Corey Ganim: Mm-hmm.

Leon: into something that React or Next.js can understand. And it follows best practices. So I am just going to open up a new terminal. Oops, I'm just going to reset command now.

Corey Ganim: Right.

Leon: This is optional by the way. So if this is a little bit confusing, don't stress about it. I'm sure that Claude will still do a really good job. But this is so easy to set up that, you know, it's just the single command that you run. We'll install it.

Corey Ganim: Yeah, it's like, why not do it, especially if it's just a copy and paste.

Leon: Exactly, you know, let's install it. So this installed this new skill in the Claude folder. And now... I am just going to restart Claude just to make sure that skill takes effect. Then I'm going to run our prompt again. And Claude should be smart enough to actually use the skill and use the MCP server to download everything it needs to understand how to recreate that landing page. And we are still in false mode, so this should be interesting.

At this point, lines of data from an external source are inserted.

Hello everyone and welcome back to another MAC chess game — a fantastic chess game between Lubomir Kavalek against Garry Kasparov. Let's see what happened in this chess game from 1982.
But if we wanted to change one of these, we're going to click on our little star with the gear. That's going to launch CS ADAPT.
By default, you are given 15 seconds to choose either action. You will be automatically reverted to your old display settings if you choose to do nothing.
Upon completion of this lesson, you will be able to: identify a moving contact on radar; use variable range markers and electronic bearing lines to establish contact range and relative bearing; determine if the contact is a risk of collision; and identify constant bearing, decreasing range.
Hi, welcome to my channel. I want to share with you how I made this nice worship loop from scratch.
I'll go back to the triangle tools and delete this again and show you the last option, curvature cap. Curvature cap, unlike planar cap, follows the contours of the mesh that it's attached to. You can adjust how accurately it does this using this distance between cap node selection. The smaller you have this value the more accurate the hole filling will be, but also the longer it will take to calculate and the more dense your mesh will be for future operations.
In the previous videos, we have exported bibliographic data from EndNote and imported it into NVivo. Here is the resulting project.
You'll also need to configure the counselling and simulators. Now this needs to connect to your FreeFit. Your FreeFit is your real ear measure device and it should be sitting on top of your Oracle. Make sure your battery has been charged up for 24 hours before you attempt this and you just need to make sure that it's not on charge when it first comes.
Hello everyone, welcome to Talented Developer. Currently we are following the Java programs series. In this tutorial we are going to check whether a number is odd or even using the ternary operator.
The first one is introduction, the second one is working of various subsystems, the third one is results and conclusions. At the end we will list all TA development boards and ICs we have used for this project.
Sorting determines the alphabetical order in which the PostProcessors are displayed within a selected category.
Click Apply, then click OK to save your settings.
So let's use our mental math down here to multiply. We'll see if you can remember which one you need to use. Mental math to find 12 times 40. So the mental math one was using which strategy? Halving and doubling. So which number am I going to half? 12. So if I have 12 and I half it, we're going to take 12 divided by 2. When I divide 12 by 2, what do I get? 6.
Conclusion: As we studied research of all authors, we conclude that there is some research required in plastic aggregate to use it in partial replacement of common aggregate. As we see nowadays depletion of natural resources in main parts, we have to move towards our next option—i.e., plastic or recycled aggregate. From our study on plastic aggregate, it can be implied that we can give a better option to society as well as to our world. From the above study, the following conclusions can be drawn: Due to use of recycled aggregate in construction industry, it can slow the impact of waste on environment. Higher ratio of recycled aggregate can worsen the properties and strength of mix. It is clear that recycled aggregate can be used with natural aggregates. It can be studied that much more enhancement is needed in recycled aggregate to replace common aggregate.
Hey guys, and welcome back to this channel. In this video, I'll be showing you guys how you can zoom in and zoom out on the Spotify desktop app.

Corey Ganim: Yep, so we see it did call that skill React components.

Leon: There we go. So it's pulled in the skill. And while that's cooking, I can actually show you what that skill kind of looks like. it's got a combination of scripts. It's got resources, examples. It's really got everything that the gold standard card, it's really got everything it needs to explain to the agent how to recreate these pages from the skill, from the stitch designs.

Corey Ganim: Are there any other skills that you'd like to use inside this workflow or is that kind of the main one?

Leon: I would stick to this for now. I might combine this with the front-end design skill from time to time, but you need to be comfortable giving very detailed prompts to get the agent to perform the way you're expecting it to. Sometimes less is more and not overwhelming the agent is a good idea.

Corey Ganim: And so it's kind of built its own little plan here, right, of what it's going to do to actually implement the website designs that we created in Stitch.

Leon: Yeah. Exactly. So there's a few interesting things happening here. Now this is going to go fast. It's going to set up the global design system. So this is really where the design system from Stitch is playing a big role. This is where it's storing the fonts that need to be used. It's the color tokens. Everything's going into this global.css file. It's using this markdata.typescript file just to store the data that's coming in from the actual page. So we can easily just replace the mock data with whatever we want. If you are building a website that needs dynamic data, so something that needs to, maybe your site needs to pull data from a database with some real time source, we can replace this mock data with something real time as well.

Corey Ganim: You Right. And so if we weren't in fast thinking mode, how long would this process typically take? Five, 10 minutes.

Leon: So I did a dry run earlier today. It takes around about 10 minutes to go through this process.

Corey Ganim: Okay. And so do you ever use a fast mode for anything else? Like, is there anything you would use it for only if you were in a time crunch?

Leon: No. Now, to be honest, this is the first time I'm using it. I'm trying to give you something unique.

Corey Ganim: ⁓ ever. Yeah, no, appreciate that. I know it's expensive. mean, for anybody, you know, in the audience, there's probably no reason to ever use fast mode unless you were in a time crunch in terms of minutes, like not hours or days.

Leon: It's totally unnecessary. I totally agree.

Corey Ganim: Now, you done this? Have you gone through this with your own website or have you kind of just done this for clients or what's been your workflow with this? guess how have you implemented this workflow specifically in your life and business?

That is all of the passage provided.